I use the following call to create my GAM model
## Run GAM with MRF
m <- gam(crime ~ s(district,k=nrow(traindata),
bs ='mrf',xt=list(nb=nbtrain)), #define MRF smooth
data = traindata,
method = 'REML',
family = scat(), #fit scaled t distribution
gamma = 1.4
)
where I predict the dependent variable crimeusing the neighborhood structure, is analyzed in the model in an argument with smooth terms xt.
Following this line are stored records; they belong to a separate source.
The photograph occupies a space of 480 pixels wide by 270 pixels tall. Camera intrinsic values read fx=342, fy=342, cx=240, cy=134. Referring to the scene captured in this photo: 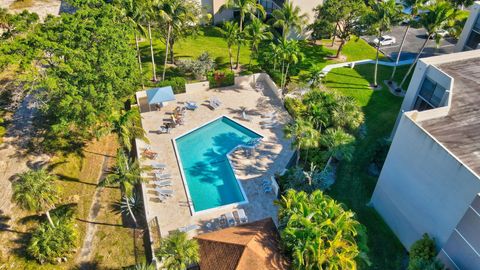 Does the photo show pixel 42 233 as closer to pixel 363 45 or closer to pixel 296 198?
pixel 296 198

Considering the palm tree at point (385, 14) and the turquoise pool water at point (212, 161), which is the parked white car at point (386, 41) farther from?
the turquoise pool water at point (212, 161)

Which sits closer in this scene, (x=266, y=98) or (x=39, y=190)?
(x=39, y=190)

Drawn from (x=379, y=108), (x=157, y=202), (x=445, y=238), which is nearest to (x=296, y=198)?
(x=445, y=238)

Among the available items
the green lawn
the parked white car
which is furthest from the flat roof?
the parked white car

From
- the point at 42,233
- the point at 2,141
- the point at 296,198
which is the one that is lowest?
the point at 42,233

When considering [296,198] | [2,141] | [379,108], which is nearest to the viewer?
[296,198]

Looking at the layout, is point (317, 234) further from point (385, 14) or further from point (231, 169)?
point (385, 14) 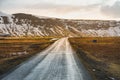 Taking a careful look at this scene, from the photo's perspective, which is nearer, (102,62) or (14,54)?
(102,62)

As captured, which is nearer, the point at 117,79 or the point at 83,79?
the point at 83,79

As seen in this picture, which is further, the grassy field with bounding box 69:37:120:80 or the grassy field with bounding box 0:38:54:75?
the grassy field with bounding box 0:38:54:75

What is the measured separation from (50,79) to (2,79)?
372 cm

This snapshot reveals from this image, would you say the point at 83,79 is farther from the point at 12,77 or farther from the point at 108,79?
the point at 12,77

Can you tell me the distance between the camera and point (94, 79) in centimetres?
2181

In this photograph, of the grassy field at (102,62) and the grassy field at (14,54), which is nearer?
the grassy field at (102,62)

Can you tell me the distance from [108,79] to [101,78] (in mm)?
596

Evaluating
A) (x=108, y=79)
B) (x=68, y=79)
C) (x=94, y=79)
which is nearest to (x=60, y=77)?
(x=68, y=79)

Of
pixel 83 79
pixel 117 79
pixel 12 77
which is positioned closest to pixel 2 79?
pixel 12 77

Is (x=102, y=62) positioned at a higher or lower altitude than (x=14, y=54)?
lower

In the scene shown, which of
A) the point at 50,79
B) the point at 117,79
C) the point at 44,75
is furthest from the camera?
the point at 117,79

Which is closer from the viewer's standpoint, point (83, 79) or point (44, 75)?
point (83, 79)

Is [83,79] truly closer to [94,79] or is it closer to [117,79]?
[94,79]

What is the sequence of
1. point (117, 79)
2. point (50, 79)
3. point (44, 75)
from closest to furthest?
point (50, 79)
point (44, 75)
point (117, 79)
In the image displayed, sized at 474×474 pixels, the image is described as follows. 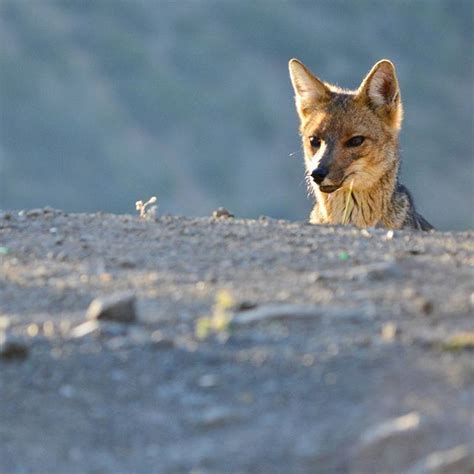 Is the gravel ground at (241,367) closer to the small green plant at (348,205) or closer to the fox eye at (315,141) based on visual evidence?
the small green plant at (348,205)

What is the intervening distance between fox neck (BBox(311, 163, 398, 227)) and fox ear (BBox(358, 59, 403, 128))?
468 mm

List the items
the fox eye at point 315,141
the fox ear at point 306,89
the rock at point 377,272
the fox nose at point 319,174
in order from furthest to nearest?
the fox ear at point 306,89, the fox eye at point 315,141, the fox nose at point 319,174, the rock at point 377,272

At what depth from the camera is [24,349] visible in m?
4.53

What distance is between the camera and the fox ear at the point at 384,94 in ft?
31.4

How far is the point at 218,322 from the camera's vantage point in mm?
4676

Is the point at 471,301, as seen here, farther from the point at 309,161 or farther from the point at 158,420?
the point at 309,161

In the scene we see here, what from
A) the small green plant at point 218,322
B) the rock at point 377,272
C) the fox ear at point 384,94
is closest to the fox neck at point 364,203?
the fox ear at point 384,94

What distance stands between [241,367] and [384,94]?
5.57 metres

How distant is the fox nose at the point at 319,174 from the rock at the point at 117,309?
→ 4.45 m

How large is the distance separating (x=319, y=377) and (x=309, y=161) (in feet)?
17.8

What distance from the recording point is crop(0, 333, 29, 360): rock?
4.52 m

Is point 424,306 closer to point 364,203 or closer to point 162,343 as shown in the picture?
point 162,343

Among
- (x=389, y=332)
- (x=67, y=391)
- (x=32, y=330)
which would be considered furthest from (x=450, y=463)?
(x=32, y=330)

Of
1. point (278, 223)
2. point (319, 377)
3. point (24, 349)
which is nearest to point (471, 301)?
point (319, 377) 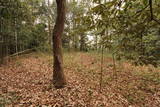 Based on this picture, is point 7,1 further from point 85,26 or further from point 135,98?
point 135,98

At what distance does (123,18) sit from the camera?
1.53 meters

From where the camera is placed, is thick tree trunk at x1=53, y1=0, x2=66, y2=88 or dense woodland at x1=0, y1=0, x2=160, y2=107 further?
thick tree trunk at x1=53, y1=0, x2=66, y2=88

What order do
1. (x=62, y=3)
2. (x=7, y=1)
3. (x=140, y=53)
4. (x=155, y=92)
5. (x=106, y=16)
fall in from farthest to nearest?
1. (x=7, y=1)
2. (x=155, y=92)
3. (x=62, y=3)
4. (x=140, y=53)
5. (x=106, y=16)

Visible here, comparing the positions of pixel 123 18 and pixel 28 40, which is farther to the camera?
pixel 28 40

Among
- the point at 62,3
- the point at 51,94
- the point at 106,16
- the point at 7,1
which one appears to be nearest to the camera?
the point at 106,16

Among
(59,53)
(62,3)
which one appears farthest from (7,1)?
(59,53)

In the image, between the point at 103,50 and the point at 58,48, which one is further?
the point at 58,48

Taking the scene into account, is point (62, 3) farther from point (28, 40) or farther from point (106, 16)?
point (28, 40)

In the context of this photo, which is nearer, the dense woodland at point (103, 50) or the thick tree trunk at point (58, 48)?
the dense woodland at point (103, 50)

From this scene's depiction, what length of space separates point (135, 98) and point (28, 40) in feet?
35.2

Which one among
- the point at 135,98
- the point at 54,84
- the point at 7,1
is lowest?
the point at 135,98

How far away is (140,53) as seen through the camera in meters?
1.95

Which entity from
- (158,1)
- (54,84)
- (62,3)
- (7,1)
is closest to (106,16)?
(158,1)

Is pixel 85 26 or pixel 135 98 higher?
pixel 85 26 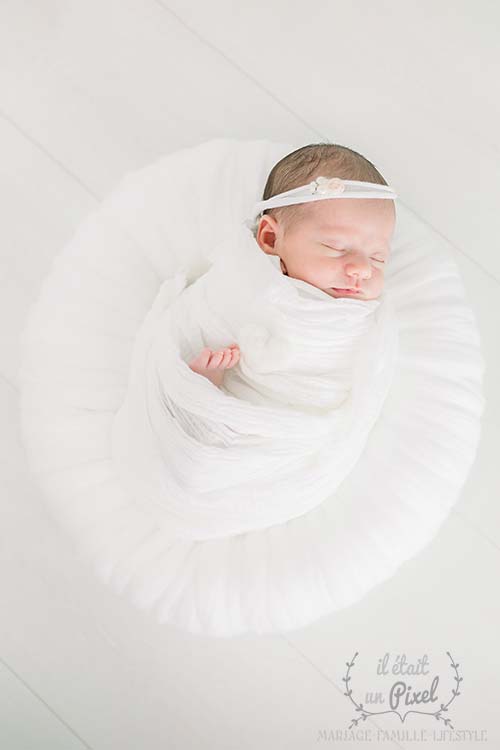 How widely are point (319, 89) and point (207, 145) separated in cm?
32

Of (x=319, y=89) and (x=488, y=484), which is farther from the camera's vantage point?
(x=319, y=89)

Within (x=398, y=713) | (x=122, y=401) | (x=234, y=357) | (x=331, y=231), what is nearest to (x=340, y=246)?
(x=331, y=231)

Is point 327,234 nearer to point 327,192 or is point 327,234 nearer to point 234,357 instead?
point 327,192

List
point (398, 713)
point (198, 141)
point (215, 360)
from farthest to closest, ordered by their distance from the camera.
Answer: point (198, 141)
point (398, 713)
point (215, 360)

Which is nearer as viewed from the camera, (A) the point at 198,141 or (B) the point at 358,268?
(B) the point at 358,268

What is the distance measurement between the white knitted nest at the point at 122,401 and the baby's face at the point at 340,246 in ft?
0.35

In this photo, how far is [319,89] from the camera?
1.49 m

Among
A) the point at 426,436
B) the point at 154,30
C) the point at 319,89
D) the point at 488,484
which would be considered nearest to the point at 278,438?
the point at 426,436

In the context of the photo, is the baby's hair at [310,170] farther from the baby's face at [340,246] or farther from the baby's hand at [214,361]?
the baby's hand at [214,361]

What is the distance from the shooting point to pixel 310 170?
3.71ft

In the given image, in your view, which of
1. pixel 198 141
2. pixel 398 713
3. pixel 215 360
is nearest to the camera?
pixel 215 360

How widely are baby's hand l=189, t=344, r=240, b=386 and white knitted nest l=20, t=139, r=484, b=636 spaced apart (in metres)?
0.14

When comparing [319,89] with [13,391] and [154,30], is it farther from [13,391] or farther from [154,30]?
[13,391]

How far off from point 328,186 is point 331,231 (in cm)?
6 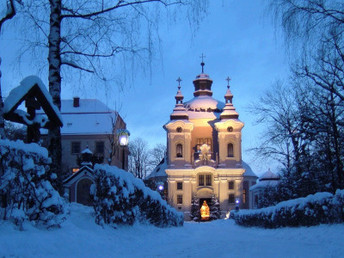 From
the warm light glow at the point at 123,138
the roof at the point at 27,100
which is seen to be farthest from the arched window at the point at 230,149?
the roof at the point at 27,100

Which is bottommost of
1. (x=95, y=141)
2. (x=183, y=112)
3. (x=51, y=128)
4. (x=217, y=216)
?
(x=217, y=216)

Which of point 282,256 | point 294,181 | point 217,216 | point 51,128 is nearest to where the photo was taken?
point 282,256

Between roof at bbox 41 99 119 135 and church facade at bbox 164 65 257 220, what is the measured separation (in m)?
8.31

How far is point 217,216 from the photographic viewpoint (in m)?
54.3

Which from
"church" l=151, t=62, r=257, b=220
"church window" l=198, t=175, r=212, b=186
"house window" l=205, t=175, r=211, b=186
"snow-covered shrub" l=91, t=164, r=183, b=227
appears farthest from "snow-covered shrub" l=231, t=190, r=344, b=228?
"house window" l=205, t=175, r=211, b=186

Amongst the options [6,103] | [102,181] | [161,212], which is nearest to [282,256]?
[102,181]

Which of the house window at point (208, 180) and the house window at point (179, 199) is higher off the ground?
the house window at point (208, 180)

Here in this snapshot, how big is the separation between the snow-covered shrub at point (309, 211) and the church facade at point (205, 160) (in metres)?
37.7

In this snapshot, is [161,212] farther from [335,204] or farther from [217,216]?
[217,216]

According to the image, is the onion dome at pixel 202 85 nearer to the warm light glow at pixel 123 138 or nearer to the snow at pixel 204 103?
the snow at pixel 204 103

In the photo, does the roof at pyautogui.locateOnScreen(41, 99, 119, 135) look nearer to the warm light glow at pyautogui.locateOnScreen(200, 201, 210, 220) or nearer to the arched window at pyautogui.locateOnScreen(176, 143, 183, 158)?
the arched window at pyautogui.locateOnScreen(176, 143, 183, 158)

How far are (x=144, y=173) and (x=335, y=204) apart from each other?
214 ft

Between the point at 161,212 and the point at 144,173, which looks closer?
the point at 161,212

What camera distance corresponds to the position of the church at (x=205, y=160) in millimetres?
56438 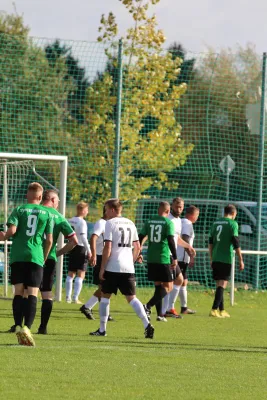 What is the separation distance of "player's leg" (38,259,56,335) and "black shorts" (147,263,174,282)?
2822mm

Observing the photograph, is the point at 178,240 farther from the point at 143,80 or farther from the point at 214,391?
the point at 214,391

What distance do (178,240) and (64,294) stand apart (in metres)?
4.82

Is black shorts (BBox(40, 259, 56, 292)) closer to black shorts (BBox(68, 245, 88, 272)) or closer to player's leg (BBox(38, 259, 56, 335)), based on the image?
player's leg (BBox(38, 259, 56, 335))

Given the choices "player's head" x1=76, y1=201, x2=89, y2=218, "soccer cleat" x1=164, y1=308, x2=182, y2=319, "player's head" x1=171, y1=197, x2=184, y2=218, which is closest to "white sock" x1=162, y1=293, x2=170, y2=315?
"soccer cleat" x1=164, y1=308, x2=182, y2=319

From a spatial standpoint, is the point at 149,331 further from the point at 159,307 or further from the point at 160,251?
the point at 159,307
The neighborhood structure comes as an object nbthat I created using a function poly2nb().
Now, if I want to use predict()testing in a new dataset, I don’t know how to pass the appropriate neighborhood structure to the call. Providing only new data
pred <- predict.gam(m,newdata=testdata)
produces the following error:
Error in predict.gam(m, newdata = testdata) :
7, 16, 20, 28, 35, 36, 37, 43 not in original fit
Here's a complete error reproduction using a Columbus dataset directly called from inside R:
require(mgcv)
require(spdep)
require(dplyr)
data(columb.polys)
columb.polys <- lapply(columb.polys,na.omit)
data(columb)
df <- data.frame(district=numeric(0),x=numeric(0),y= numeric(0))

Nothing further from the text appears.